Madrasah memperjelas peran dan tanggung jawab
setiap orang, termasuk kejelasan arah kerja secara vertikal dan horizontal.
j.
Madrasah memiliki strategi dan evaluasi yang
jelas.
k. Madrasah memandang/menempatkan kualitas yang
telah dicapai sebagai jalan untuk memperbaiki kualitas layanan lebih lanjut.
l.
Madrasah memandang kualitas sebagai bagian
integral dari budaya kerja.
m. Madrasah menempatkan peningkatakan kualitas
secara terus menerus sebagai suatu keharusan.[27]
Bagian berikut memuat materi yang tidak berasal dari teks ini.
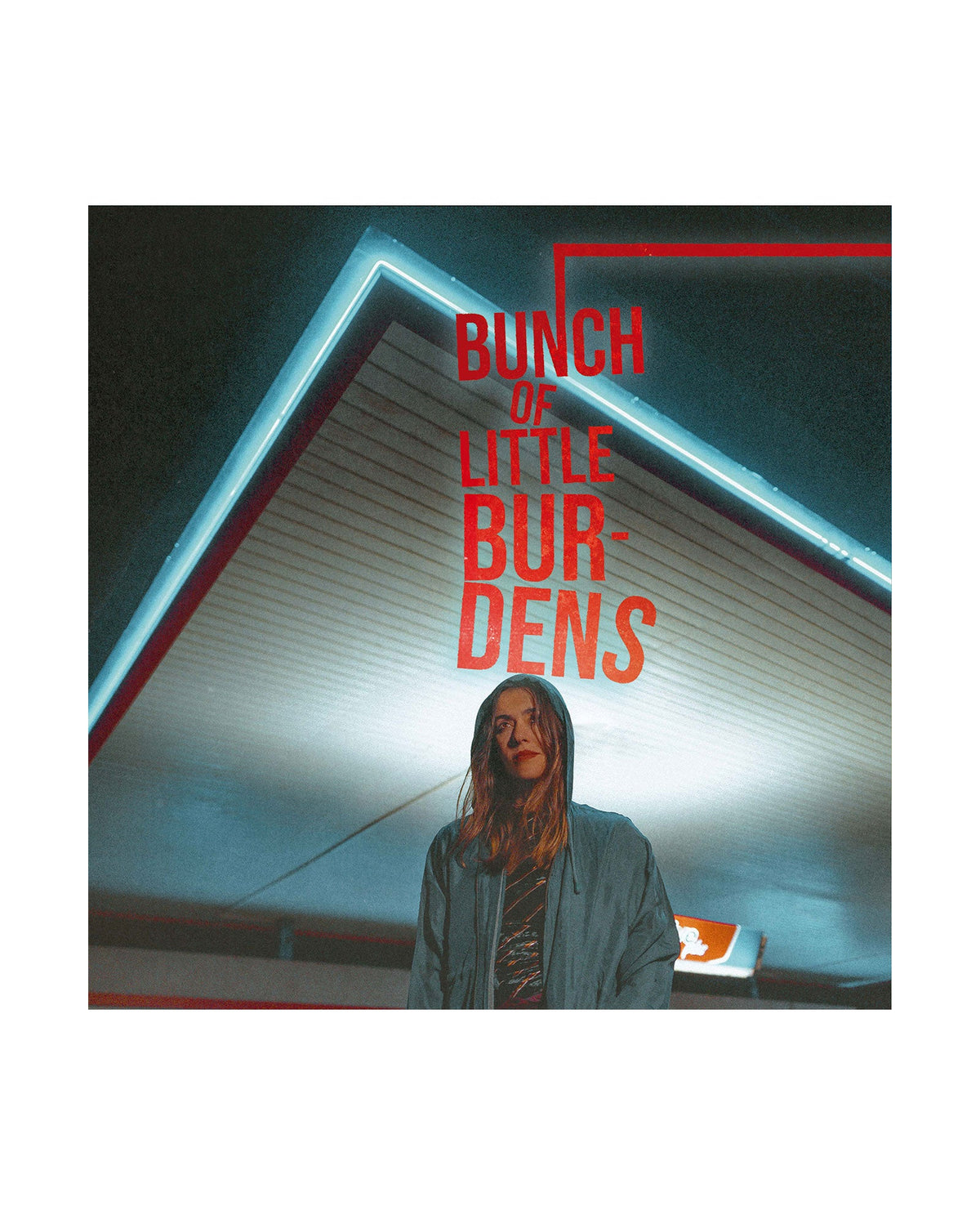 Maika Makovski - LP Vinilo 7" "Bunch of little Burdens + Canción por desvelar" - D2fy · Rocktud - Maika Makovski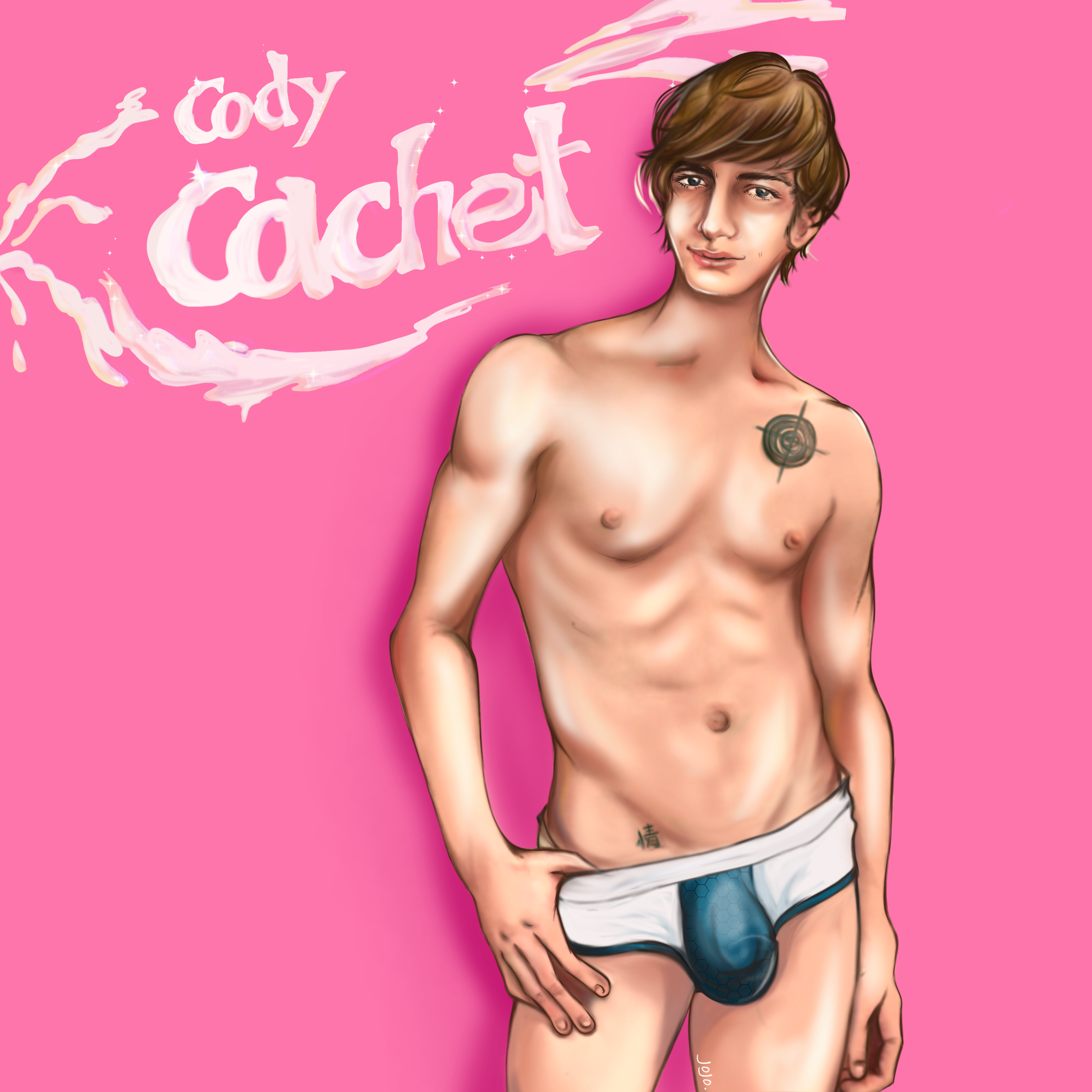 Cody Cachet 11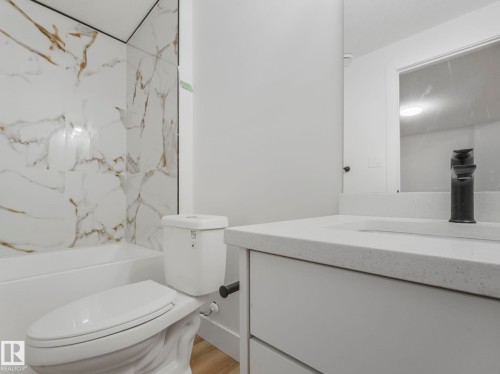 3520 42 Ave, Beaumont, AB - Indoor Photo Showing Bathroom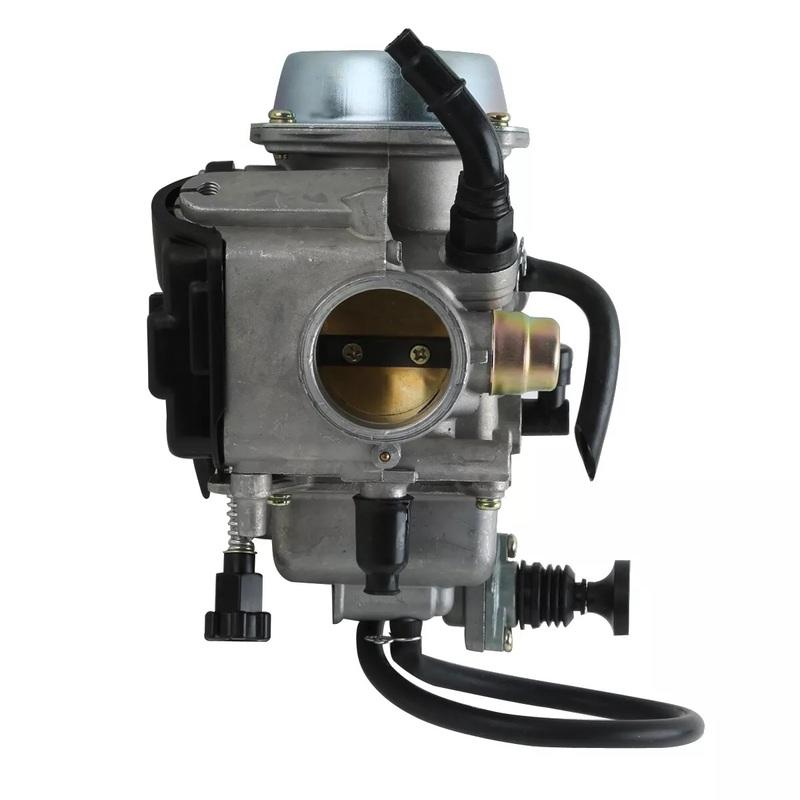 Motorcycle Carburetor For Honda ATV TRX300 FOURTRAX 300 1988-2000 TRX350FM TRX350TE Rancher 2000-2006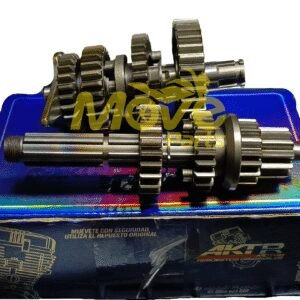 7705946184366 - CAJA CAMBIOS AKT ORIGINAL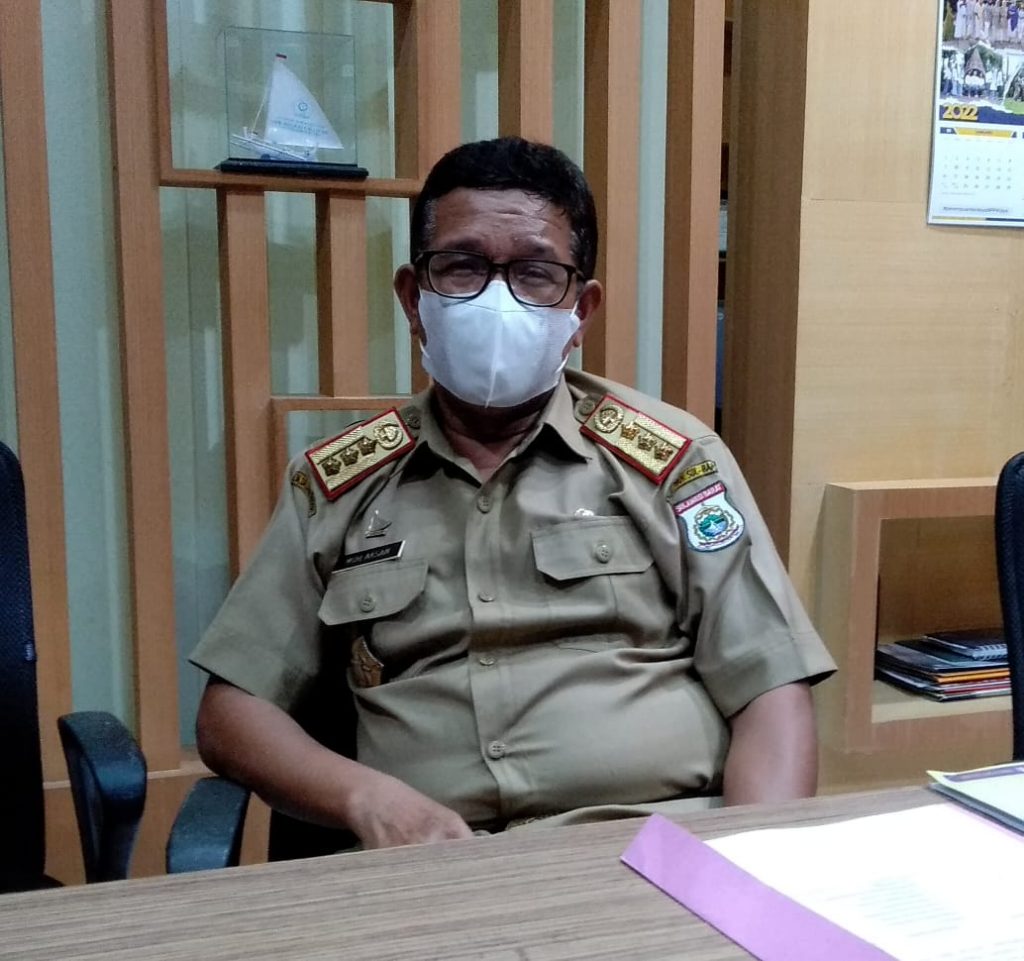 Tahun 2022, PUPR Sulbar Dapat Suntikan Dana PEN 300 Milyar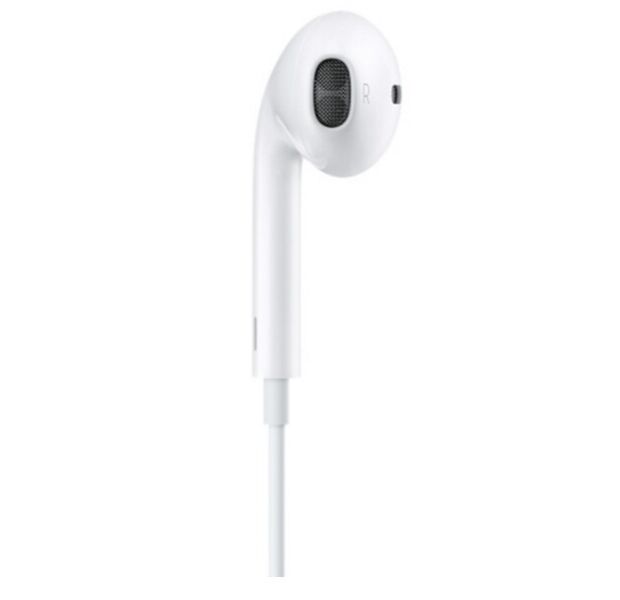 Навушники Apple iPod EarPods with Mic Lightning (MMTN2ZM/A) фото №3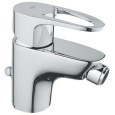 Grohe Europlus 33241 001 Смеситель однорычажный для биде (хром)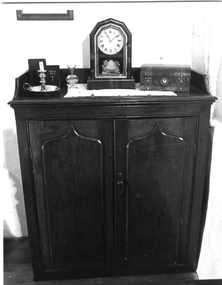 Furniture - Chiffonier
Dalam rumusan madrasah ideal yang dikembangkan Depag, point
penting yang perlu dimiliki oleh madrasah adalah :
a. Memiliki kultur yang kuat. Kultur merupakan
jiwa madrasah yang memberi makna bagi setiap kegiatan kependidikan madrasah
dan menjadi jembatan antara aktivitas dan hasil yang dicapai. Kultur adalah
sebuah sebuah keadaan yang menghantarkan siswa madrasah melebihi batas-batas
kekurangan manusiawi menuju tingkatan kreativitas, seni dan intelek yang
tinggi. Kultur merupakan keadaan untuk mentransmisikan nilai-nilai
pendidikan. Karena itulah, kultur madrasah, dalam hal ini kultur belajar
dalam madrasah harus dibangun sejak awal agar semua elemen madrasah memiliki
komitmen untuk kemajuan madrasah.
b. Kepemimpinan korelatif dan belajar kolektif.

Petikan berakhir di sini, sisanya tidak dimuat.